Friday, September 29, 2006

Cygwin and X Windows

Cygwin is a port of popular UNIX applications to Windows. Cygwin provides a UNIX like environment in Windows. Cygwin provides necessary UNIX System Call API allowing users to write and port UNIX based tools and applications by recompiling source code on Windows box.

Cygwin/X is a port of X Window System to Windows based on the Cygwin environment. Cygwin bundles Cygwin/X with its distribution. Cygwin/X allows users to run X Window server on there Windows machine which allows them to run graphical applications on a remote UNIX machine and display the GUI on the Windows box.

There are two ways to get the GUI from remote machines to Windows. First method is thought the use of DISPLAY environment variable and second using XDMCP. We shall see both the methods.

First things first, we have to see how to start our X Windows server. We have to start our X Window Server from the Cygwin terminal using the following command.

XWin –multiwindow –ac –clipboard > /dev/null 2> /dev/null &

So what does the above command do? It starts the X Window Server which can support multiple windows at a time. Remove access control on clients to connect to the server. Integrate with the windows Clipboard so that we can copy and paste between Windows and UNIX. Redirect the Standard Output and Error streams to “/dev/null” so that our terminal does not get cluttered with the debug information printed out by the X Window Server. And finally tell the shell to run this command in the background. Now we should have the X Windows icon in the Windows system tray. Set the Environment variable DISPLAY and run any X Window application like xclock, xcalc, etc. DISPLAY will in the format as follows

IPAddress:display_Number.monitor_Number

Display number will be typically being 0 (zero) until otherwise if you are running multiple X Window Servers on your windows box, same is the case of monitor number.

If you Bash use export and setenv for C Shell

$ export DISPLAY=192.23.9.114:0.0

Or

$ setenv DISPLAY 192.23.9.114:0.0

Run xclock as follows and we should get a our graphical clock as in the figure below

$ xclock &


Some thing like this should popup like this. Congrats you have successfully started your X Window Server and ran an X Window application locally. Now the next step is to do the same thing which running the application on a remote machine and getting the display on the Windows machine.
We can connect to a remote UNIX box using telnet, rlogin, etc, etc. Once we have successfully logged in then we can set the DISPLAY environment variable to point to your Windows box IP address. The DISPLAY environment variable is used to the X Window System to direct the GUI to the required machine. The target machine must be running an X Window Server as well. Only then the graphics sent from the remote machine can be captured and displayed on the target machine.
In the above example I telnet to a local UNIX Server and set my DISPLAY to my Windows Box and started a graphical text editor nedit.
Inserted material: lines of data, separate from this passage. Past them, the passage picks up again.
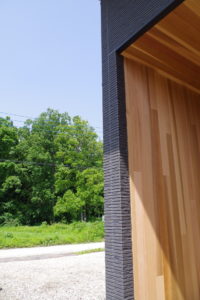 『大切な家族を感じられる空間がひろがる住まい。』（玄関／注文住宅）｜RAKUYAの平屋｜那須塩原の高気密・高断熱の家那須塩原で平屋を建てるならRAKUYA。ジョイ・コス採用の超高気密・高断熱で一年中快適。設計×収納で“暮らしを楽にする”住まいをご提案。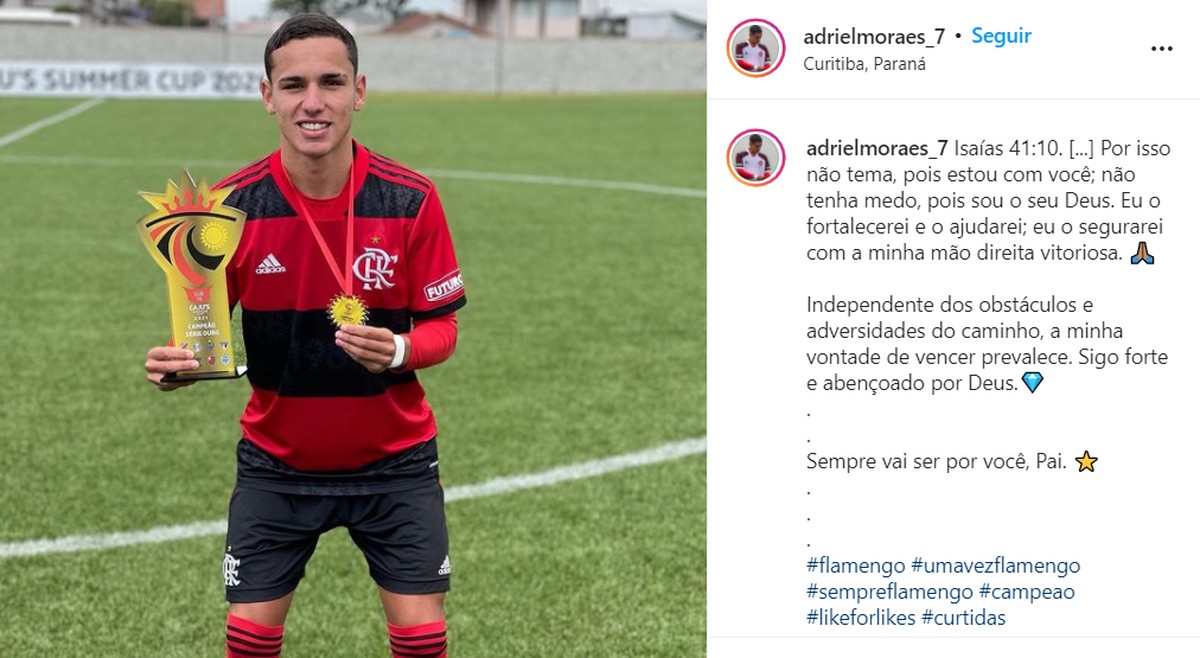 Flamengo homenageia jogadores que entraram em campo na final da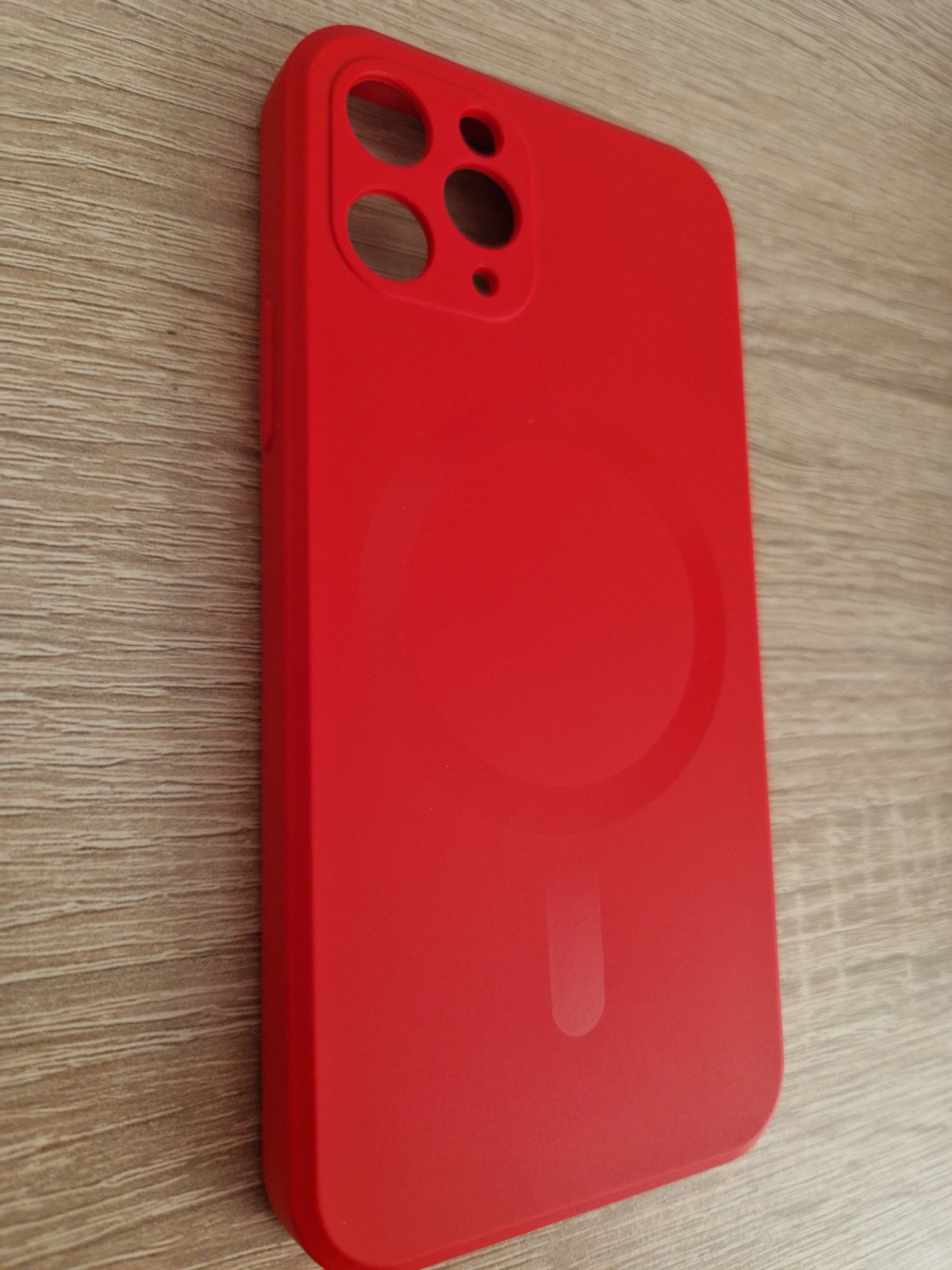 Etui TEL PROTECT MagSilicone Case do Iphone 11 Pro Czerwony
And I got the editor on my Windows Machine as shown below!



Now that you have seen the first method lets look at the problems that one might face. First and most common mistake is forgetting to set the DISPLAY environment variable or setting DISPLAY wrongly. The next problem might be that the firewall on your machine may block the incoming X Window message. The X Server will be listening to port 6000, check if that port is enabled on your machine.
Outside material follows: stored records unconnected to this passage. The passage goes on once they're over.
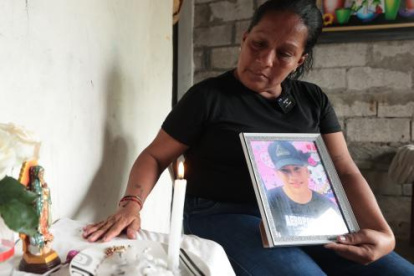 La madre, aunque duerme poco, sigue rezando y buscando a su hijo.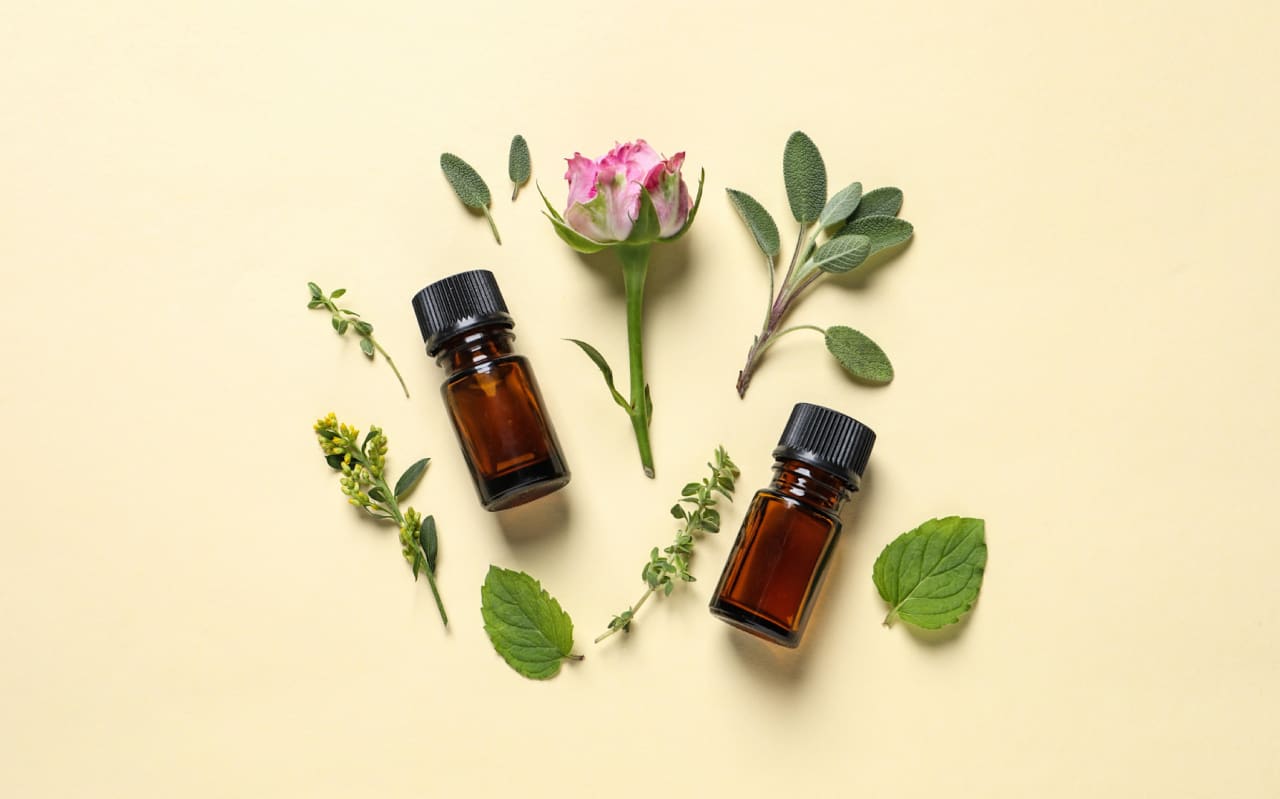Thym, sauge, romarin… Les herbes à métamorphoser en soins cosmétiques DIY
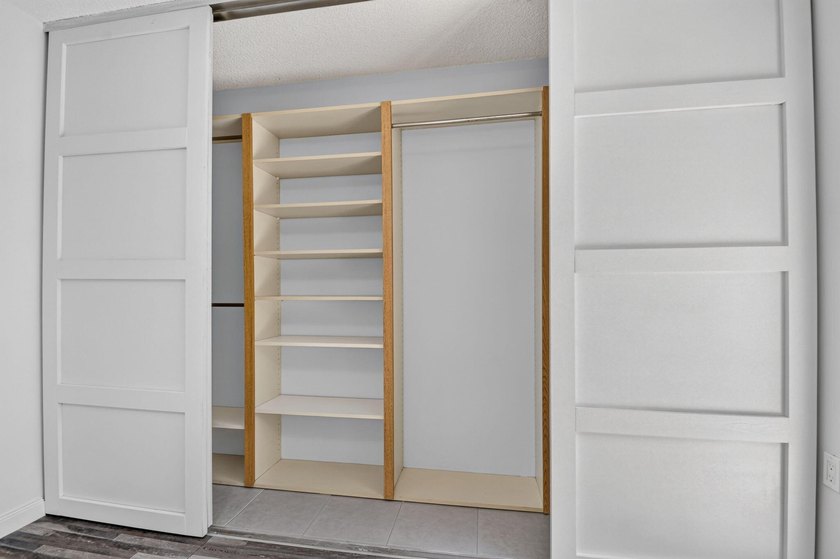 Spacious &amp; bright, 2BR/ 2.5BA townhome in the desirable all-ages - photo 33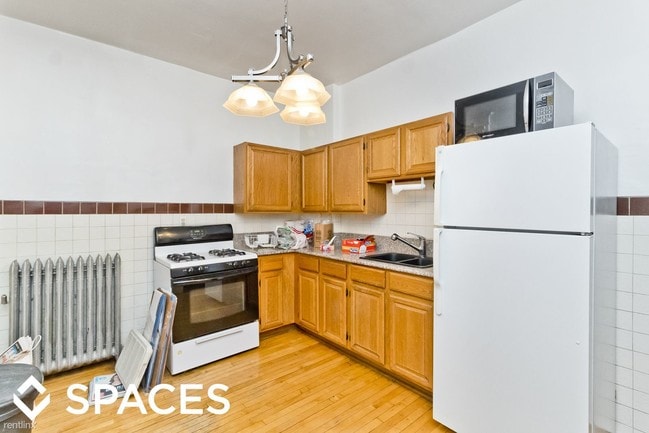 Building Photo - 2 br, 1 bath Apartment - 4341 North Damen #3E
We shall see what XDMCP can do it for us. First of all you don’t have to take the pain of connecting to a UNIX machine, setting the DISPLAY environment variable, XDMCP will do this for us. Let’s see what XDMCP is all about. XDMCP stands for X Display Manager Control Protocol. Using this protocol we can directly tell the X Window manager on the UNIX machine to forward all the graphics messages to our Windows machine directly.

To use XDMCP to connect to UNIX machine we have to do nothing special just add an extra argument while invoking X Server and remove one argument that’s all. We have to add the –query argument and remove –multiwindow argument and we are done. So our command line to invoke X Server will be

$ XWin –query hostname –clipboard –ac > /dev/null 2> /dev/null &

The –query argument tells the X Window Server to query the X Window Manager running on the remote host hostname to forward the X Window graphics to the machine from which you are querying. If the server agrees to this query then we shall get a graphical login screen.


Once you login, you shall be working on the remote machine itself in total Graphical User Interface. The display will be some thing like show in the screenshot below.

The troubles that we might encounter while using XDMCP is the remote machine may not be configured to respond to XDMCP query message. Secondly /etc/X11/xdm/Xaccess file on the remote host controls the access to XDMCP queries. Remote host Firewall might be configured to block query requests.

Links

www.cygwin.com Cygwin Home page

http://probing.csx.cam.ac.uk/about/xdmcp.html
Small intro on XDMCP

http://tldp.org/HOWTO/XDMCP-HOWTO/
Linux How to, both holds good for most UNIX flavours.